Here are a few examples of how this comes together – with real-world use cases that you can replicate today using the provided regex formulas.

1. Extract Metadata (or Any Data) from Any Website

For this example, let’s look at ESPN.

As I was writing this article, I saw this story about NBA star Blake Griffin.

Viewing Source of this page, I’m able to locate this bit of analytics-related metadata (similar metadata is found on most major websites):

{"omniture":{"columnist":"lowe_zach","league":"nba","countryRegion":"en-us","hier1":"nba:story","section":"nba","source":"espn.com","pageName":"nba:story","storyInfo":"22258759+zach-lowe-blake-griffin-trade-future-la-clippers-detroit-pistons","sections":"nba:story","site":"espn","premium":"premium-no","convrSport":"basketball","pageURL":"www.espn.com/nba/story/_/id/22258759/zach-lowe-blake-griffin-trade-future-la-clippers-detroit-pistons","lang":"en_us","prop35":"2018-01-30","contentType":"story","sport":"basketball","account":"wdgespcom","siteType":"full","prop58":"isIndex=false"}

Now that we’ve identified what is likely a common data pattern, we can begin to construct the regex to extract this data.

Here I will copy and paste this code, along with a few lines before and after, into regexr.com (my preferred regex tool) and begin to work on some formulas:

Regex for SEO

Suppose I’m auditing the ESPN website and I want to get a list of all news stories, authors, and dates. I simply need to fire up the crawler with these 2 regular expressions included in the Custom Extraction filter:

"columnist":"(.*?)"
"prop35":"(.*?)"

Crawling ESPN.com
And it works! I’m able to crawl a list of ESPN.com URLs, or crawl the entire site, and extract this information that will be critical for my content audit.

2. Trademark Enforcement

The registered trademark symbol (®) is a symbol that typically must appear after a trademarked word or words, in the first usage on a webpage.

A good example of this is “ITIL®” – which is an initialism that stands for IT Infrastructure Library, a trademark owned by Axelos.

Many websites that discuss ITIL fail to include the registered trademark symbol when referencing the concept.

One such website that discusses ITIL but may not always include the registered trademark symbol, is Cherwell.com.

Using two simple regular expressions, we can easily find the URLs in which Cherwell should consider adding a registered trademark symbol:

Crawling for Trademark
In this case, we’ve spotted four URLs that do include the correct symbol – and many more that do not.

This example shows just how powerful a simple regex string can be.

Here are the regular expressions for this use case:

ITIL®
ITIL(?!®)

Changing Names of Products & Finding Incorrect Capitalizations

In 2017, IBM officially changed the name of “DB2” to “Db2” – making the “b” lowercase.

The name DB2 was first used in 1983, so there are likely countless places on the web containing the incorrect usage.

This use case is common – either a word or phrase has a common mis-capitalization, r a product name changes.

In either case, the solution is to crawl and find the incorrect or outdated usages.

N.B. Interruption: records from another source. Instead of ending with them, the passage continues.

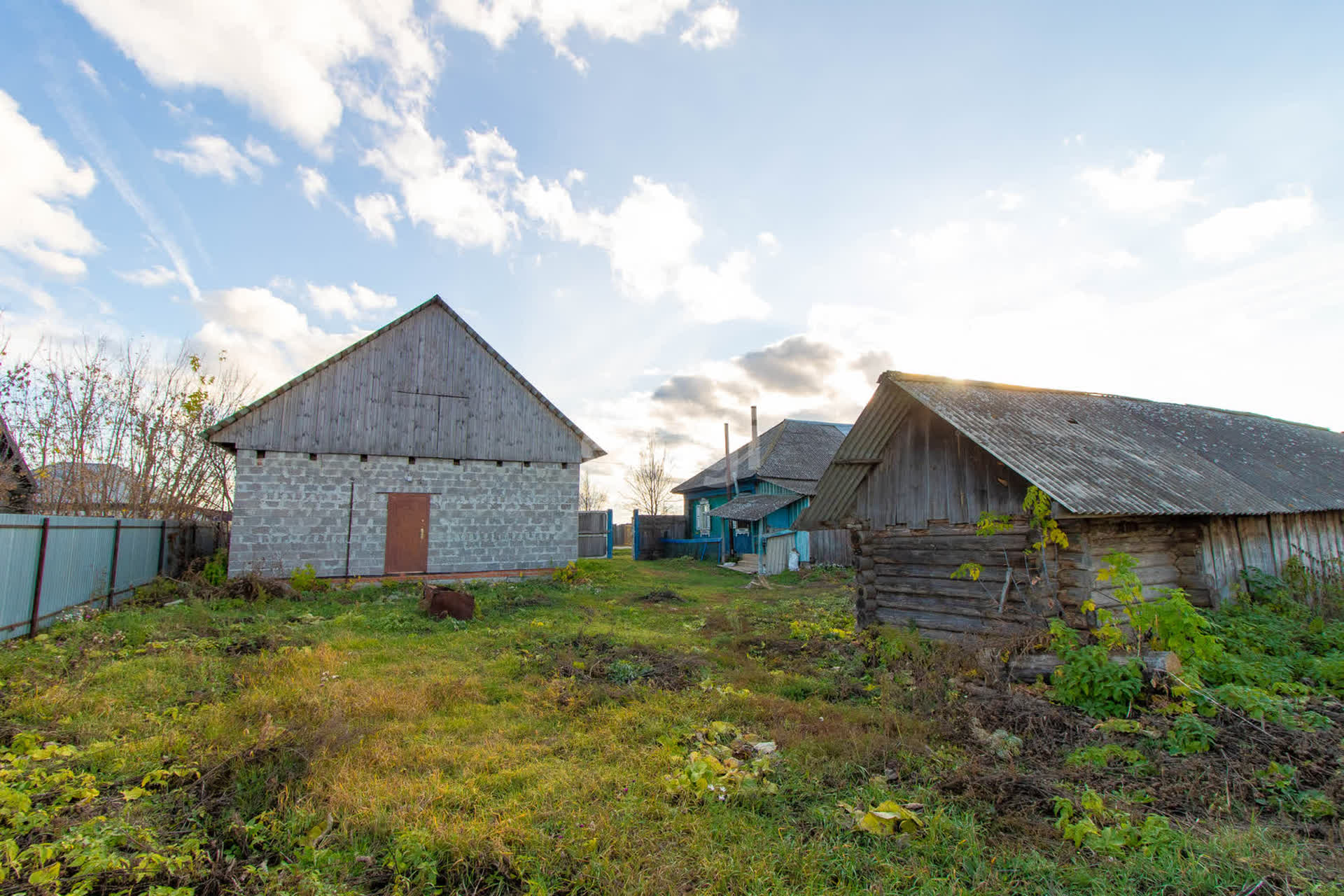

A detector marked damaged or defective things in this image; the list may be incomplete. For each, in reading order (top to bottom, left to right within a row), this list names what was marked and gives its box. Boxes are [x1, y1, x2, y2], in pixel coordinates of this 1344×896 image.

rusty brown door [384, 490, 431, 574]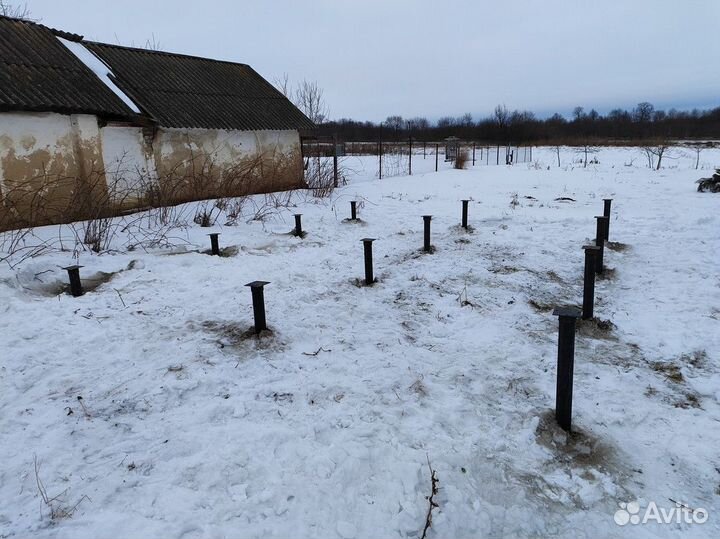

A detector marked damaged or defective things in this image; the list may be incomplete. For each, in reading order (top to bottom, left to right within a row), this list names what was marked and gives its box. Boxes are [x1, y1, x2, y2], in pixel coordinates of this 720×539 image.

rusty metal post [63, 264, 84, 298]
rusty metal post [584, 246, 600, 320]
rusty metal post [556, 306, 584, 432]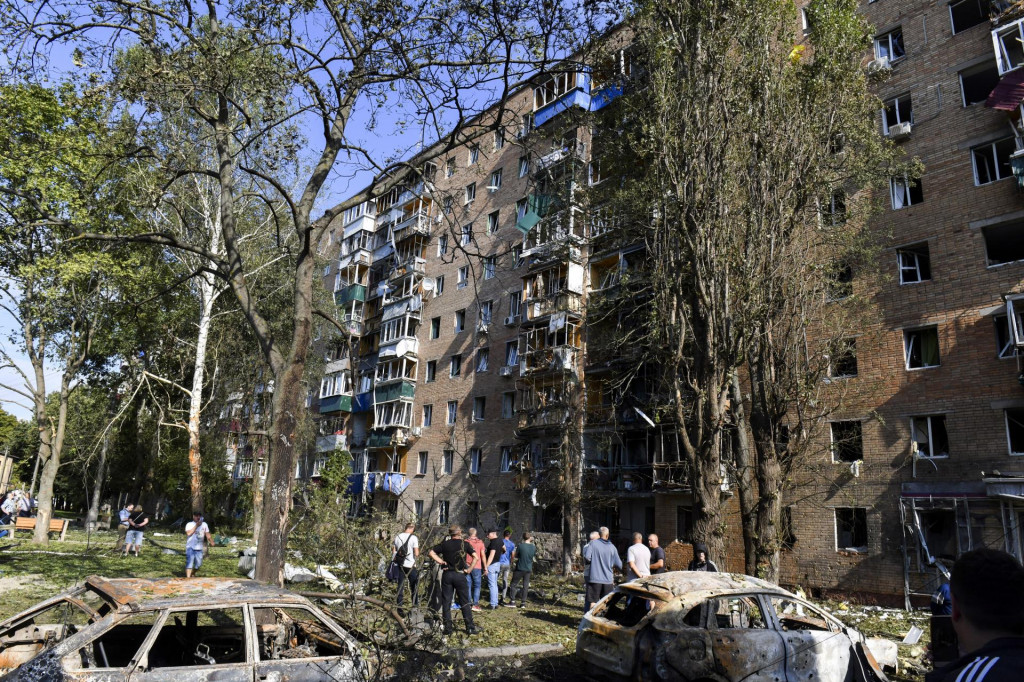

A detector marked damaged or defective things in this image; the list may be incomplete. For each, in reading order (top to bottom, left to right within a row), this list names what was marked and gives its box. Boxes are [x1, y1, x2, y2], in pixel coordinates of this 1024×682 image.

broken window [958, 60, 999, 106]
broken window [970, 137, 1011, 184]
broken window [901, 240, 933, 282]
damaged building facade [299, 0, 1024, 602]
broken window [905, 327, 942, 368]
broken window [827, 419, 860, 462]
broken window [913, 413, 950, 456]
broken window [1003, 409, 1024, 450]
broken window [831, 507, 864, 548]
broken window [70, 606, 157, 667]
burned car [0, 577, 368, 675]
rusted car body [0, 573, 368, 679]
broken window [146, 606, 247, 663]
rusted car body [577, 569, 888, 679]
burned car [581, 569, 892, 675]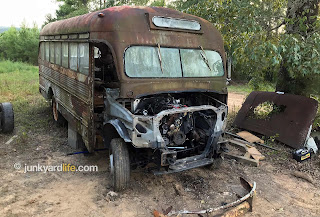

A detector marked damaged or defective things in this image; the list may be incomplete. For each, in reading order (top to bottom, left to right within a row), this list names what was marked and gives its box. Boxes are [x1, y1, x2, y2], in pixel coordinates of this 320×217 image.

rusted sheet metal [40, 6, 228, 98]
rusty bus [40, 5, 229, 191]
rusted sheet metal [232, 90, 318, 148]
rusty metal panel on ground [234, 91, 318, 149]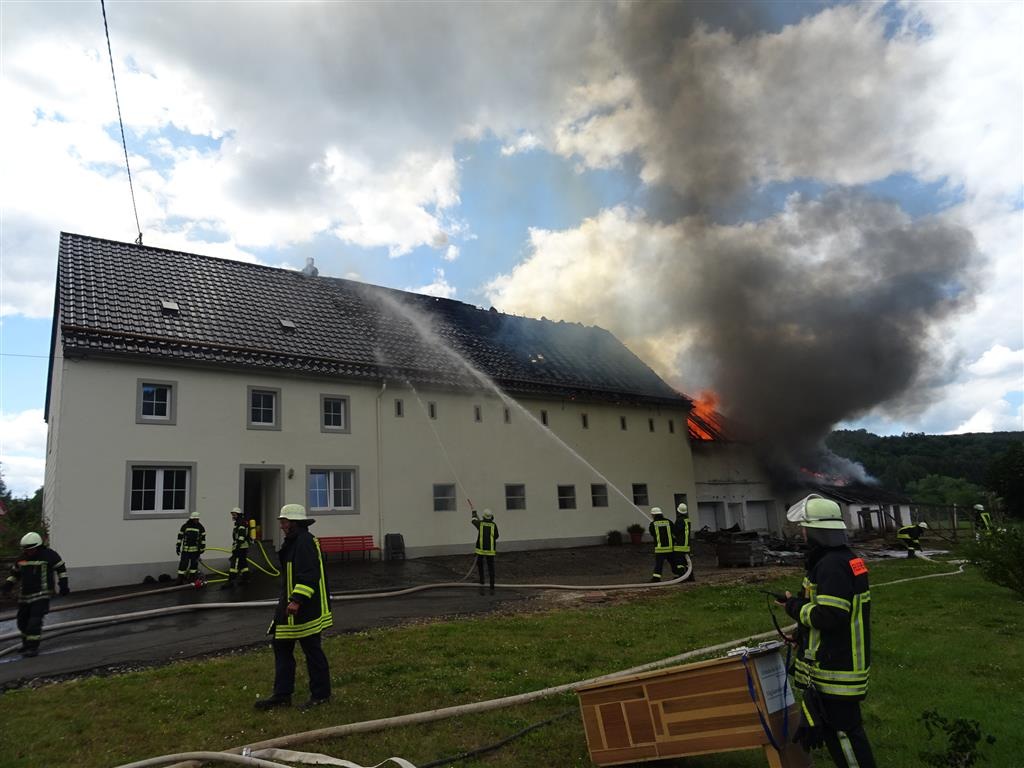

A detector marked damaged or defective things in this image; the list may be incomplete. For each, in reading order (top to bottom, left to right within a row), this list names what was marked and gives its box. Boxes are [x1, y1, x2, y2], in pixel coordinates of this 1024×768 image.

One example of a website that uses “DB2” frequently, and therefore ought to consider auditing their site to correct this usage, is Delphix.

Using the following regular expression, we are able to identify all incorrect instances of “DB2”, “db2”, or “dB2”:

(db|DB|dB)2

Crawling for Capitalization and Casing

4. Find Uploaded Files on a Communities Site

Jive Software is perhaps the #1 Communities platform for enterprises. As such, it is used by companies like Cisco, ServiceNow, Adobe, BMC Software, McAfe, Wiley and many other major companies.

You can find other examples of companies using Jive’s platform with a Google query, such as: https://www.google.com/search?q=inurl:hosted.jivesoftware.com

Jive, much like WordPress or other web publishing platforms, has certain patterns that are typically followed.

One such pattern for Jive is that all uploads to the platform, when viewed from the document or blog that it is uploaded to, includes the following link:

<a class=”j-attachment-icon” href=”/servlet/JiveServlet/download/xxx/filename.ext”>

Therefore, we can use the following regex pattern to extract all attachment URLs from any Jive hosted communities site:

"j-attachment-icon" href="(.*?)"

To see how this works, here’s the results of briefly scanning the website https://community.servicenow.com:

Crawling for download links

Spell Check

Hopefully most web publishers are checking spelling either in Word or through other means before they publish, but common misspellings still slip through the cracks.

Not to worry, though.

Regex + Screaming Frog can help you identify commonly misspelled words. The only catch is, you need to know the commonly misspelled words.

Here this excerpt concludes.